Desairó a Hollywood enviando a una actriz nativa americana a por el Oscar con el que premiaron su papel de Vito Corleone en «El padrino» (1971), tramó con Bernardo Bertolucci la macabra «violación» con mantequilla de «El último tango en París» (1972), ganó catorce millones de dólares por un papel de menos de diez minutos en «Superman» (1978) y apareció rapado y con exceso de peso en el caótico rodaje de «Apocalypse Now» (1979), forzando a Francis Ford Coppola a grabar sus escenas en medio de sombras.
Sus polémicas y excentricidades le mantuvieron en el candelero en el crepúsculo de su batalla con la vida. Con su bajón profesional, que dio la puntilla a una irregular carrera repleta de títulos tan emblemáticos como variopintos, llegó también la decadencia física, sumido en una obesidad decisiva en el paro definitivo de su corazón, en 2004.
Rozó la cumbre del éxito, pero su final fue agridulce.
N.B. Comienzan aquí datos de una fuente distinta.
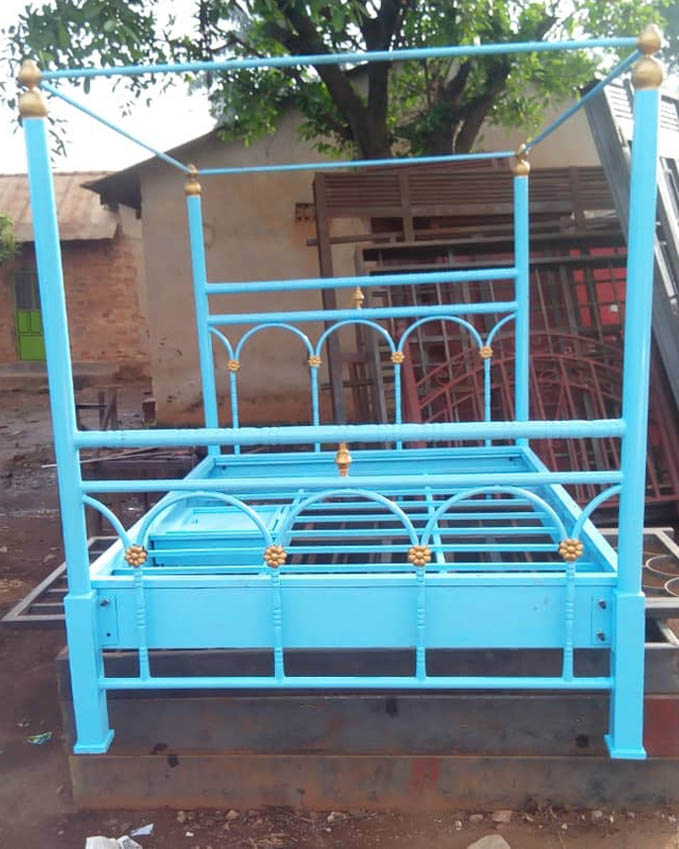 Metal Beds in Uganda. Steel Beds Uganda, Metal Welding And Fabrication in Kampala Uganda. Metal Engineering Works, Metal Welders, Steel Fabrication, Metal Fabrication in Kampala Uganda, MI Engineering Concepts Ltd, Ugabox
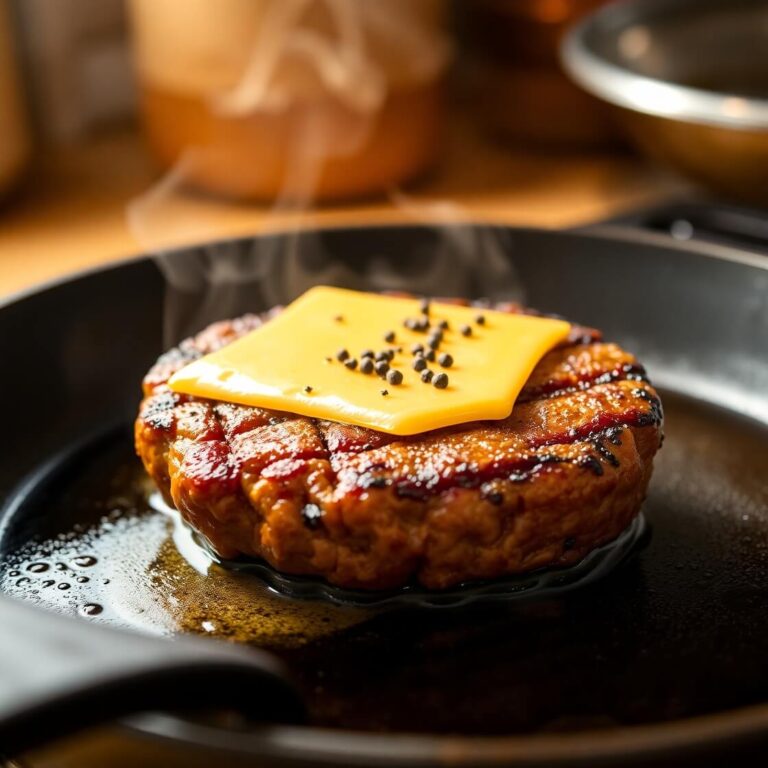 Homemade Hamburger Patties
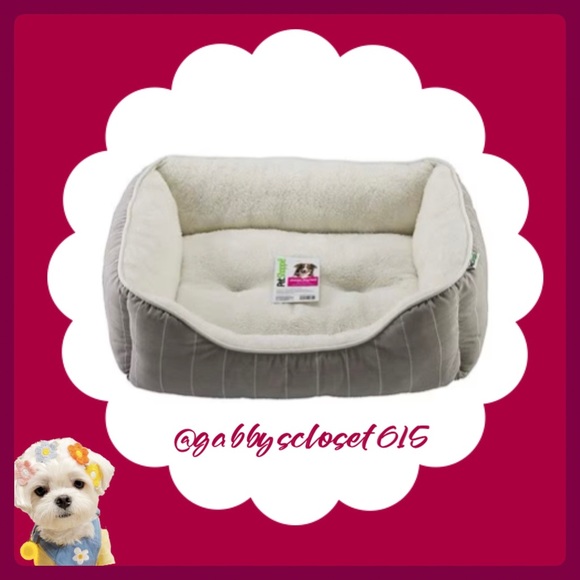 💋 New PetShoppe Pet Bed, For Dogs or Cats - 💥Pet Bed is a Light Gray - Picture 3 of 7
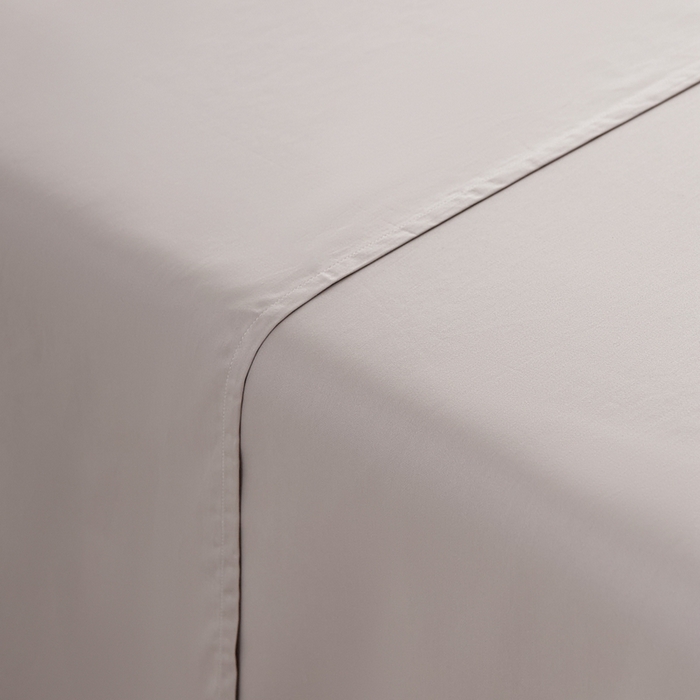 91家纺网 家纺一手货源 找家纺 涞澳家纺 2025新款亲肤舒适100S全棉分体（无衬系列）床单单品床单单件床单 100支全棉-香芋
Ahogado en el alcohol y arruinado tras costear la defensa legal de su hijo Christian, condenado por el asesinato del novio de su hermanastra Cheyenne, se vio obligado entonces a vender todo menos Tetiaroa, el atolón situado en la Polinesia Francesa donde se enamoró de Tarita, su tercera esposa, pero también donde se suicidó su hija. Conservó, además, sus dos premios Oscar, incluido el que rechazó por «El padrino», la última contradicción de una leyenda indomable que despreció a Hollywood tanto como necesitó su atención.